III. İLK DERECE MAHKEMESİ KARARI

İlk Derece Mahkemesinin yukarıda tarih ve sayısı belirtilen kararı ile davacı şirketin ticaret sicil kayıtları incelendiğinde başlangıçta şirket ana sözleşmesinin amaç ve konularını düzenleyen üçüncü maddesine göre, faaliyet alanı "Yaş ve kuru sebze, meyve her nevi gıda maddesi." olarak belirtilmiş iken, şirketin 03.10.2011 tarihli genel kurul kararıyla unvan değişikliğine de giderek ana sözleşmenin 3.maddesinin şirketin amaç ve konusunun "maden sanayi inşaat turizm ve ticaret" olarak değiştirildiği, dava konusu markanın tescilli olduğu sınıftaki mal ve hizmetleri kapsamadığı, davacı tarafın fiili kullanıma dair herhangi bir delil ibraz edemediği, dava konusu markanın hükümsüzlük koşullarının oluşmadığı gerekçesiyle davanın reddine karar verilmiş, hüküm davacı tarafça istinaf edilmiştir.

IV. İSTİNAF

Bölge Adliye Mahkemesinin yukarıda tarih ve sayısı belirtilen kararı ile tarafların dayandıkları belgelere, hukuki ilişkinin nitelendirilmesine, dosyadaki tespitlere ve uyuşmazlığa uygulanması gereken hukuk kurallarına göre, İlk Derece Mahkemesi kararında usul ve esas yönünden hukuka aykırılık bulunmadığı gerekçesiyle davacı vekilinin istinaf talebinin esastan reddine karar verilmiş, hüküm davacı tarafça temyiz edilmiştir.

V. TEMYİZ

A. Dava ve Hukuki Nitelendirme

Dava, davalı adına 2019/17615 sayı ile tescilli ibareli markanın tescil edildiği tüm sınıflardaki mal ve hizmetler yönünden hükümsüzlüğü ve sicilden terkini taleplidir.

B. Değerlendirme ve Gerekçe

Yapılan yargılama ve saptanan somut uyuşmazlık bakımından uygulanması gereken hukuk kuralları gözetildiğinde İlk Derece Mahkemesince verilen kararda bir isabetsizlik olmadığının anlaşılmasına göre yapılan istinaf başvurusunun 6100 sayılı Hukuk Muhakemeleri Kanunu'nun (HMK) 353/1-b(1) hükmü uyarınca Bölge Adliye Mahkemesince esastan reddine ilişkin kararın usul ve yasaya uygun olduğu kanısına varıldığından Bölge Adliye Mahkemesi kararının onanmasına karar vermek gerekmiştir.

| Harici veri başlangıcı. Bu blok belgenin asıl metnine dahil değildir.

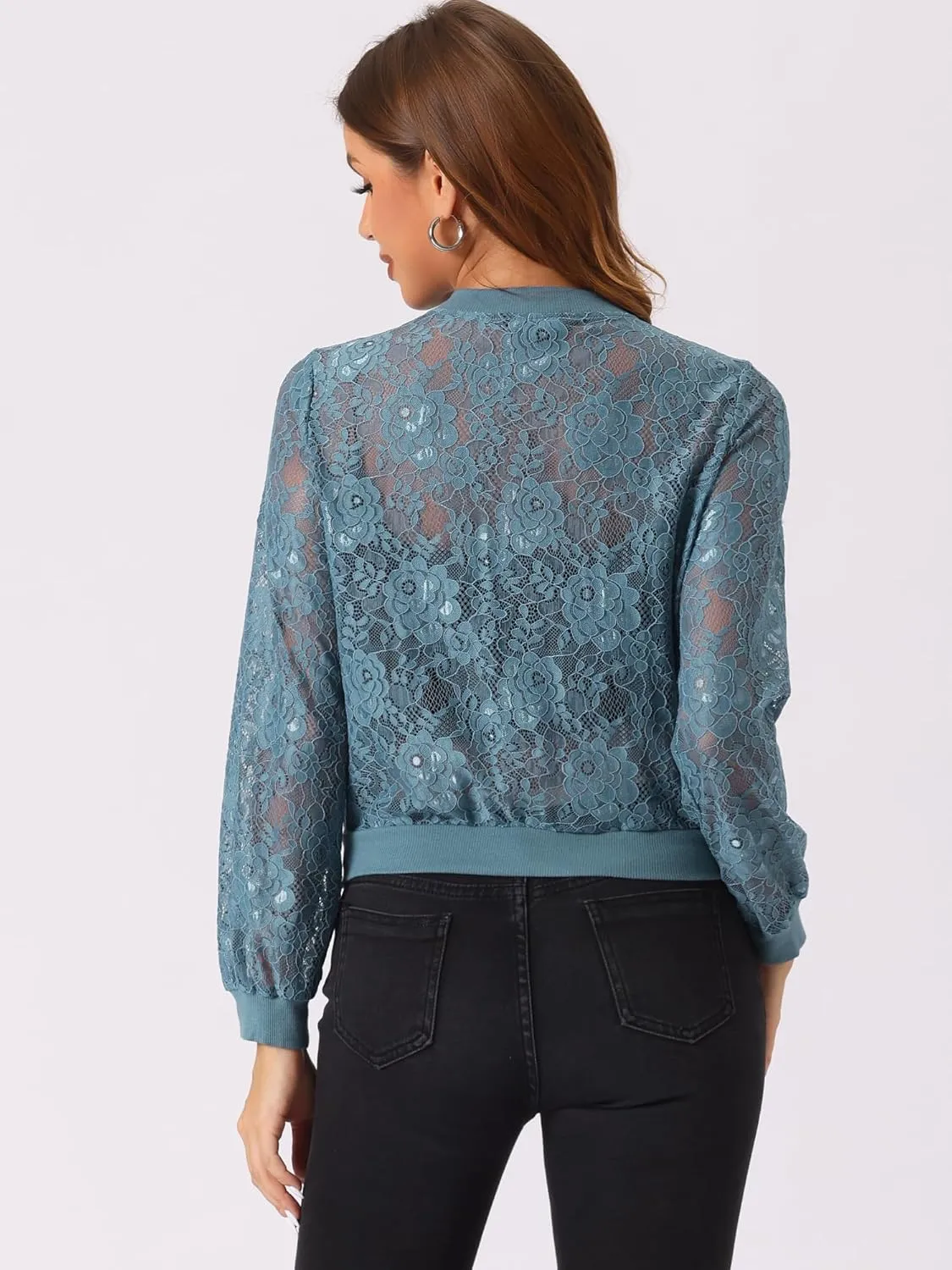 Allegra K Lace Jackets for Women's Stand Collar Zip Up Lightweight Gothic Sheer Baseball Jacket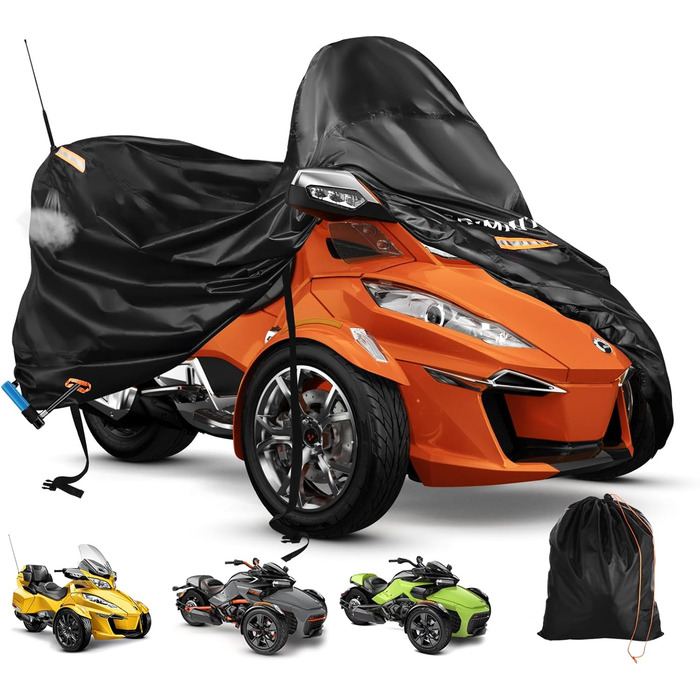 Чохол для триколісного мотоцикла Trike, водонепроникний, 420D Oxford, Honda Trike Shelter, 300x150x120 см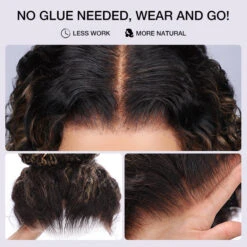 M1b/27 Blonde Highlight Curly Wigs Invisi-String Snug Fit 360 HD Lace Frontal Virgin Human Hair Wig For Women -Ethereal Hair Shop 700 highlight 360 lace wig 30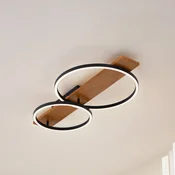 Lindby LED stropna svetilka Galad, črna, les, 2-svetlobna, 75 cm - Dnevna soba/jedilnica - Sodobni - svetel les, bela, črna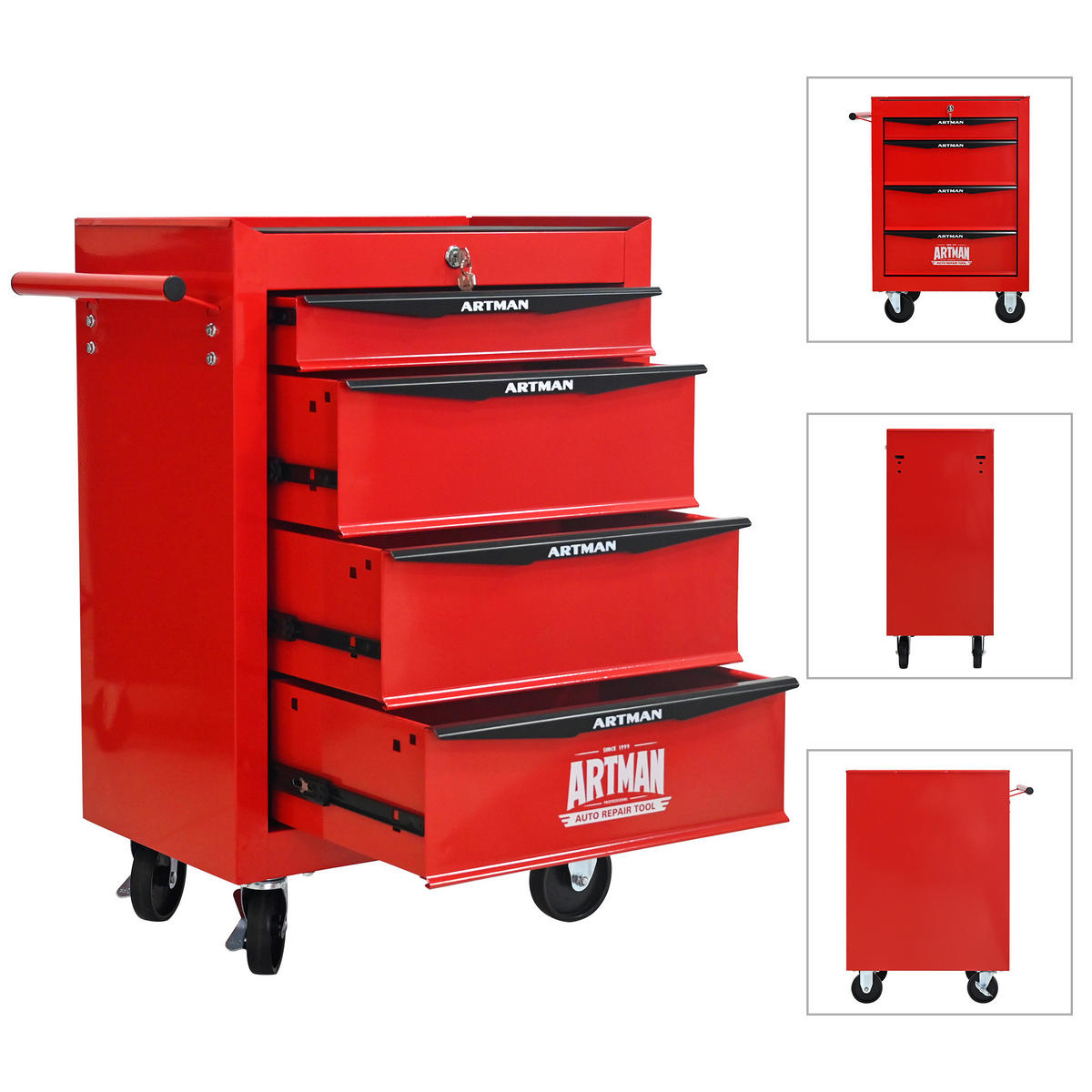 KOMBINATIONSKOFFER – Einheit mit 4 Schubladen, 508 mm (20 Zoll), ausgestattet mit 4 Schubladen, Farbgebung in Rot und Schwarz. - Multicolor, Metall (33/77.5/60cm) - DCA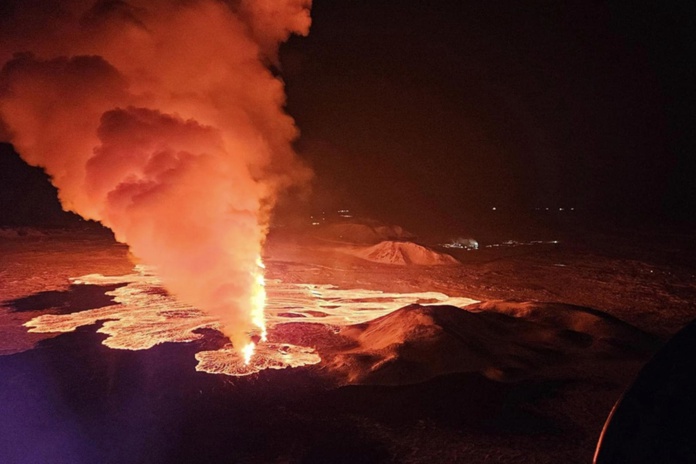 Le 8 février 2024, une troisième éruption s'est déclenchée dans la péninsule de Reykjanes. @Département islandais de la protection publique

VI. SONUÇ: Yukarıda açıklanan nedenlerle, davacı vekilinin temyiz itirazlarının reddi ile Bölge Adliye Mahkemesince verilen kararın HMK'nın 370/1 hükmü uyarınca ONANMASINA, aynı Kanun'un 372. maddesi uyarınca işlem yapılmak üzere dava dosyasının İlk Derece Mahkemesine, kararın bir örneğinin Bölge Adliye Mahkemesine gönderilmesine, aşağıda yazılı temyiz giderinin temyiz edene yükletilmesine, 27.02.2025 tarihinde kesin olarak oy birliğiyle karar verildi.